If you activate a laser, it seems that its beam of light appears suddenly. The same happens if you press a switch in a room: suddenly, the whole room seems illuminated at the same time. But this is not the case, it seems to us because photons are fired at such a speed that our eye is unable to grasp the process completely.
Now, researchers from Caltech (USA) and the University of Quebec (Canada) have invented the camera that stops time: it is capable of making 10 trillion shots per second, enough to record images of a pulse of light while traveling through space.

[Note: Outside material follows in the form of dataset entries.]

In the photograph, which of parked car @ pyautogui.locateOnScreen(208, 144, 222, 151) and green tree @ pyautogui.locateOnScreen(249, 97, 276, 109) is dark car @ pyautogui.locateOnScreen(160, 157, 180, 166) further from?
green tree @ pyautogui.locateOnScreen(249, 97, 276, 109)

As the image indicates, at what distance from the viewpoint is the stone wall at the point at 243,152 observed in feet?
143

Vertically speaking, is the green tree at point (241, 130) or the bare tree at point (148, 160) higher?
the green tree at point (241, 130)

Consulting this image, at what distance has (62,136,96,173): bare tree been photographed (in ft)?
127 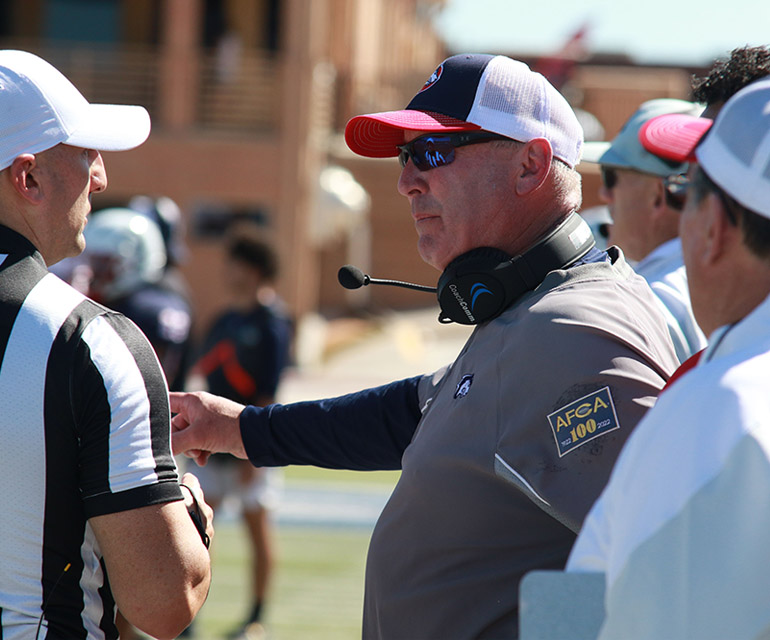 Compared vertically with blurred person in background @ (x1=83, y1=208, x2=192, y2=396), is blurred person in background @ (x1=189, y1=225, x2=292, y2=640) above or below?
below

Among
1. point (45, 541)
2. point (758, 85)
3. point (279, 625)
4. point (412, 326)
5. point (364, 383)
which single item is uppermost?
point (758, 85)

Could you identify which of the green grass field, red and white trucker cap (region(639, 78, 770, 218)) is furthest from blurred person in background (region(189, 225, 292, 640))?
red and white trucker cap (region(639, 78, 770, 218))

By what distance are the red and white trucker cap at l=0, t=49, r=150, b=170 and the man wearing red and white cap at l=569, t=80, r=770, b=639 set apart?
4.58ft

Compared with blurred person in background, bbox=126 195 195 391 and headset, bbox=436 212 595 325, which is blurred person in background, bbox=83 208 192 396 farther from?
headset, bbox=436 212 595 325

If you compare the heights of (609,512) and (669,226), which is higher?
(609,512)

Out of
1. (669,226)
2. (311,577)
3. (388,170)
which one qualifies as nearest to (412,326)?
(388,170)

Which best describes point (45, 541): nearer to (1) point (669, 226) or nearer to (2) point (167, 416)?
(2) point (167, 416)

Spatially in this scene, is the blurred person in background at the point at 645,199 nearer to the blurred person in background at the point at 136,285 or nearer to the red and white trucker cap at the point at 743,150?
the red and white trucker cap at the point at 743,150

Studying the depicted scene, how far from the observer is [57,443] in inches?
84.8

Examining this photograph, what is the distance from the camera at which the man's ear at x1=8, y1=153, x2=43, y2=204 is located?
2303 millimetres

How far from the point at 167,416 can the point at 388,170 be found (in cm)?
2322

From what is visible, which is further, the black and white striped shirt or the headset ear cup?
the headset ear cup

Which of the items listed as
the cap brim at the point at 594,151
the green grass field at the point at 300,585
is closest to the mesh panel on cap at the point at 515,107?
the cap brim at the point at 594,151

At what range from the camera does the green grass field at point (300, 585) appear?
6.48 metres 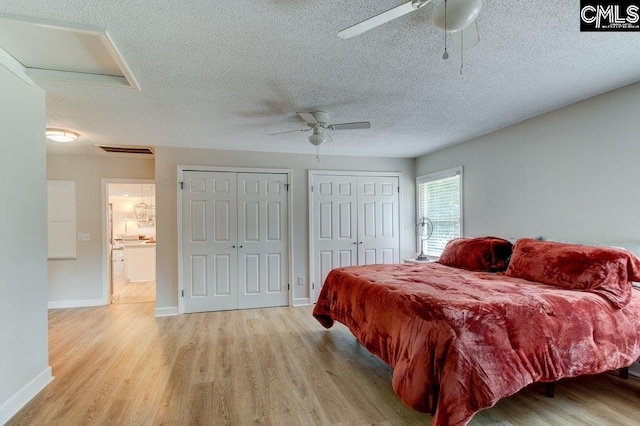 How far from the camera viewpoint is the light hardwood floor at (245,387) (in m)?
1.95

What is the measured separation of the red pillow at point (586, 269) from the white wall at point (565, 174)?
22.5 inches

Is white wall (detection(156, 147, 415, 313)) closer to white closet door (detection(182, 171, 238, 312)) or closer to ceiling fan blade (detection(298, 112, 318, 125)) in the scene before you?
white closet door (detection(182, 171, 238, 312))

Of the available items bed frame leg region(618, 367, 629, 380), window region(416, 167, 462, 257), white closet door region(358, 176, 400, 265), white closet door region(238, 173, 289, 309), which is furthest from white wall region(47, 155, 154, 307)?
bed frame leg region(618, 367, 629, 380)

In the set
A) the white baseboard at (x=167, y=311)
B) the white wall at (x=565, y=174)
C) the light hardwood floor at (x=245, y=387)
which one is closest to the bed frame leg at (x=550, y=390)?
the light hardwood floor at (x=245, y=387)

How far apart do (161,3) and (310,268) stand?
384cm

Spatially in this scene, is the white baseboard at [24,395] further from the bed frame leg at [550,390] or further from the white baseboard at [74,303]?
the bed frame leg at [550,390]

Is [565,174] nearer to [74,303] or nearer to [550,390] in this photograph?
[550,390]

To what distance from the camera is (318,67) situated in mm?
2158

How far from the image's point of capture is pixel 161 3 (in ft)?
4.99

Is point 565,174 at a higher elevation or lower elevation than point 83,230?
higher

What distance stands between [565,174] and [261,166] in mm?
3711

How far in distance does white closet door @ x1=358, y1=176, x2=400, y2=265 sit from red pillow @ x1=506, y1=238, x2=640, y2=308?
2.59 meters

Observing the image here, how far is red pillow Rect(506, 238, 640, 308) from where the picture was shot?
2.06 meters

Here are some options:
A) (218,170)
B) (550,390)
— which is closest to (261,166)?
(218,170) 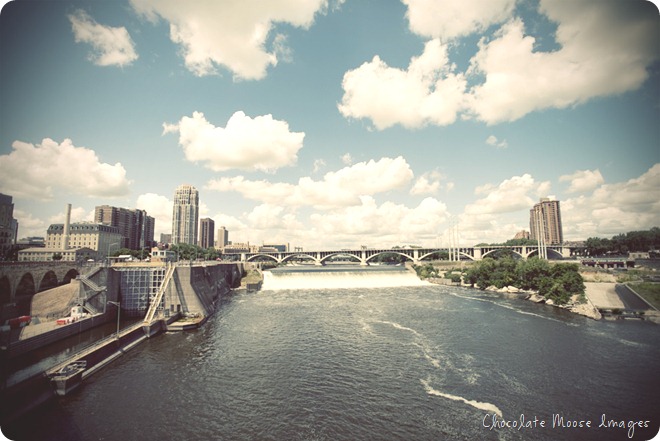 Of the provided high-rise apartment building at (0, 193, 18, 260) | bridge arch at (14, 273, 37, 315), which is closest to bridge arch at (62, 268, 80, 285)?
bridge arch at (14, 273, 37, 315)

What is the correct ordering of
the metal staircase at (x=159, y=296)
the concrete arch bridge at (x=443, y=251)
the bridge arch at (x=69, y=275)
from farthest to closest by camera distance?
the concrete arch bridge at (x=443, y=251) < the bridge arch at (x=69, y=275) < the metal staircase at (x=159, y=296)

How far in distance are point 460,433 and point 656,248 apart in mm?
140462

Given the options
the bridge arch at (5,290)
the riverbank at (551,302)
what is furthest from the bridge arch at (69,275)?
the riverbank at (551,302)

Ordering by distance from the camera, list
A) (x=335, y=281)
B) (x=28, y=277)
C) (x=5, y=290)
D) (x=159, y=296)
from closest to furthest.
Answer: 1. (x=5, y=290)
2. (x=159, y=296)
3. (x=28, y=277)
4. (x=335, y=281)

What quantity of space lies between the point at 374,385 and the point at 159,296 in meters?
34.1

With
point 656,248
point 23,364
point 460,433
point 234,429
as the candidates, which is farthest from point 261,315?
point 656,248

The extraordinary camera is the fastest in the world, more than twice the number developed in 2015 capable of capturing 4.4 billion photos per second. It is based, according to a study published in Light: Science & Applications, in a technology called ultrafast compressed photography (CUP): it captures 100 billion frames per second, but combined with another static image camera, the researchers were able to reconstruct 10 billion of frames.
“We knew that by using only one femtosecond lightning camera, the quality of the image would be limited,” says Professor Lihong Wang, Bren Professor of Medical and Medial Engineering at Caltech and Director of Caltech’s Optical Imaging Laboratory (COIL). “So to improve this, we added another camera that acquires a static image.” Combined with the image acquired by the femtosecond gust camera, we can use what’s called a radon transformation to get high-quality images while recording ten billions of frames per second. “
Setting the world record for real-time image speed, T-CUP can power a new generation of microscopes for biomedical, materials science and other applications. This camera represents a fundamental change that allows us to analyze the interactions between light and matter in an unparalleled temporal resolution.
The first time it was used, the ultrafast camera broke new ground by capturing the time focus of a single femtosecond laser pulse in real time (Fig. 2). This process was recorded in 25 frames taken at an interval of 400 femtoseconds and details the shape, intensity and angle of inclination of the light pulse (see image on the left).
“It is an achievement in itself”, says Jinyang Liang, the main author of this work, who was an engineer at COIL when the research was carried out, “but we already see possibilities to increase the speed up to a trillion frames (1015) Per second! “Speeds like that ensure a glimpse of the still undetectable secrets of the interactions between light and matter.